STILL TRYING TO DECIDE IF… 

Here begins the confession of a theological vagabond:  When I was a child, my religion was a loosely held bag of assumptions about why there were churches in the town where we lived and what the churches had to do with me or with my family. I don’t remember thinking anything that I heard in church had anything to do with me personally.  Whatever notions I had about God and life and death were pieced together from scraps of overheard adult conversations among my relatives who were mostly Baptists or Methodists. Of course, I saw the pictures of Jesus, and I believed everybody, every adult, assumed the existence of a place called heaven and another place called hell, but I don’t remember considering those two places, one up there somewhere and the other down there somewhere, had anything to do with me.
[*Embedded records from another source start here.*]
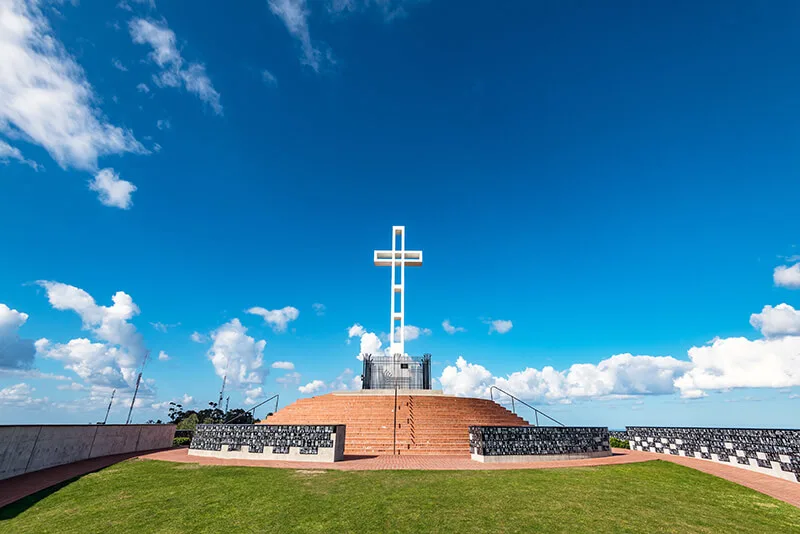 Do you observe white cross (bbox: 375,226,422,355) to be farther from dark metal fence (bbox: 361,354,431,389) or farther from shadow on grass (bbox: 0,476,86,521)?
shadow on grass (bbox: 0,476,86,521)

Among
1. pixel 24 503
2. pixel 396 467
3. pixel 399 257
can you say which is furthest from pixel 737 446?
pixel 24 503

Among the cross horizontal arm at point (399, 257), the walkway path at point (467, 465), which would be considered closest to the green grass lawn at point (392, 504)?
the walkway path at point (467, 465)

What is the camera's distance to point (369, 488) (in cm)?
881

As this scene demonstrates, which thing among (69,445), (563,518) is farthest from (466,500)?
(69,445)

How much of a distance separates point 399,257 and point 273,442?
1734 cm

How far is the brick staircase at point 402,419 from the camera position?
615 inches

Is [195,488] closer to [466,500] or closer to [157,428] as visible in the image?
[466,500]

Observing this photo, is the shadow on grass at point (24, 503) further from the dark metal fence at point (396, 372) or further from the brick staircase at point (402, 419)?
the dark metal fence at point (396, 372)

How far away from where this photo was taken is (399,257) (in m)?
28.7

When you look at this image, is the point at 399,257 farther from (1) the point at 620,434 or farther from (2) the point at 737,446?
(2) the point at 737,446

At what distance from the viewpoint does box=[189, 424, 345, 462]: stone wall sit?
12961 mm

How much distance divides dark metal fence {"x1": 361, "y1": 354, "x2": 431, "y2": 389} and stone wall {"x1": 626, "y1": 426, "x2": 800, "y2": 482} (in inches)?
486

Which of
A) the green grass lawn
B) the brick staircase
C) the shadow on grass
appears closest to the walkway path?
the green grass lawn

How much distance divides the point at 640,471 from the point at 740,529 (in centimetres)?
510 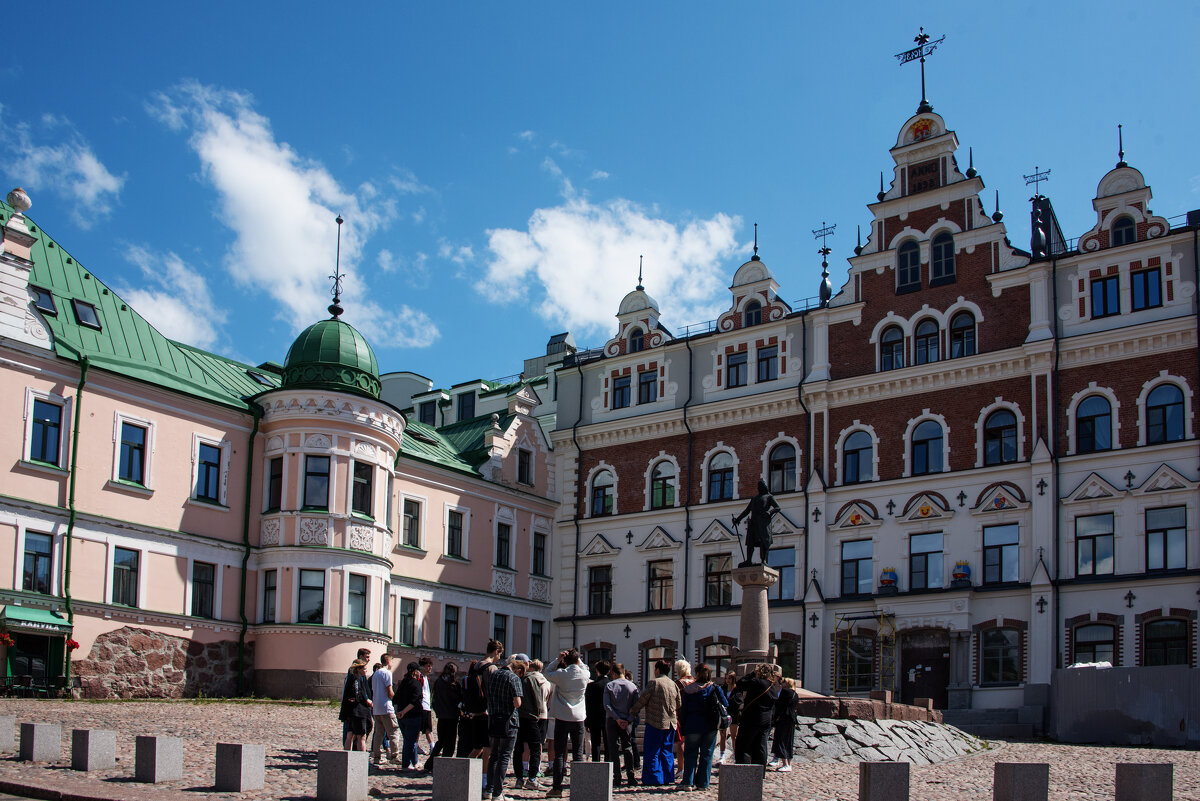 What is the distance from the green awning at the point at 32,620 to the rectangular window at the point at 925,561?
23111 millimetres

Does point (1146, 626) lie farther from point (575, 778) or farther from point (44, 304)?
point (44, 304)

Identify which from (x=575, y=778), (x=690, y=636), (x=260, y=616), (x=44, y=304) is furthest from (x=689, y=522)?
(x=575, y=778)

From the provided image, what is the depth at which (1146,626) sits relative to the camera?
3466cm

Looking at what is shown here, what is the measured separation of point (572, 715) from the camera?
17.5m

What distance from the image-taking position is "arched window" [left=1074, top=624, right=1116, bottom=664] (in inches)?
1385

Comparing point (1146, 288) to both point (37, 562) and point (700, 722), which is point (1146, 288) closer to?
point (700, 722)

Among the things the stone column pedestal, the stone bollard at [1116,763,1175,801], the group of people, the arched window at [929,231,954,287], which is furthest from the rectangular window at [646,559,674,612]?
the stone bollard at [1116,763,1175,801]

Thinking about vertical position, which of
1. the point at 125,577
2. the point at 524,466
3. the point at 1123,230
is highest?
the point at 1123,230

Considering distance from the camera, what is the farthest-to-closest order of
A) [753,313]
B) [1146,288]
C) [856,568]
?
1. [753,313]
2. [856,568]
3. [1146,288]

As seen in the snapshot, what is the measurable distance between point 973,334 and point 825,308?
5.04 m

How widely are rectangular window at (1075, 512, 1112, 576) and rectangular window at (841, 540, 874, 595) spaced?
6.31 m

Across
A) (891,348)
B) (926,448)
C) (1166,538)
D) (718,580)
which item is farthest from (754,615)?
(891,348)

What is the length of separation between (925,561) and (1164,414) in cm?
780

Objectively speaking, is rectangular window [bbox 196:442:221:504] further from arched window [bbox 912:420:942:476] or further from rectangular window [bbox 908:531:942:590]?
arched window [bbox 912:420:942:476]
I was ten years old when my Grand Dad Ezra Inlow died.  It happened near the end of World War Two, so I had heard a lot of talk about death; but I hadn’t had any experience of it in my family. Grand Dad had spent the night before he died with my family, and had slept in my bed with me.  In the morning he traveled from our house in Roseboro, Arkansas, to Pine Ridge a couple of hours away where he and Granny lived. I assumed they would live there forever, but in the middle of that afternoon he had a heart attack and died at home.  By the time I got there with my parents, the doctor had gone away already and Grand Dad’s body had been put into an undertaker’s van which was parked outside the house that had been a place of joy and comfort.  I didn’t see his body in the undertaker’s vehicle, but I saw it at the funeral. Three of my mother’s brothers were in the military, one was stationed somewhere in the States and the other two were in Europe. Everybody in the family except Uncle Dick who was in Italy and Uncle Bert who was in England gathered for the funeral at the Baptist Church in Pine Ridge. It was my first experience with unrestrained grief among some in my family and the first time I noticed with wonder the controlled stoicism among others.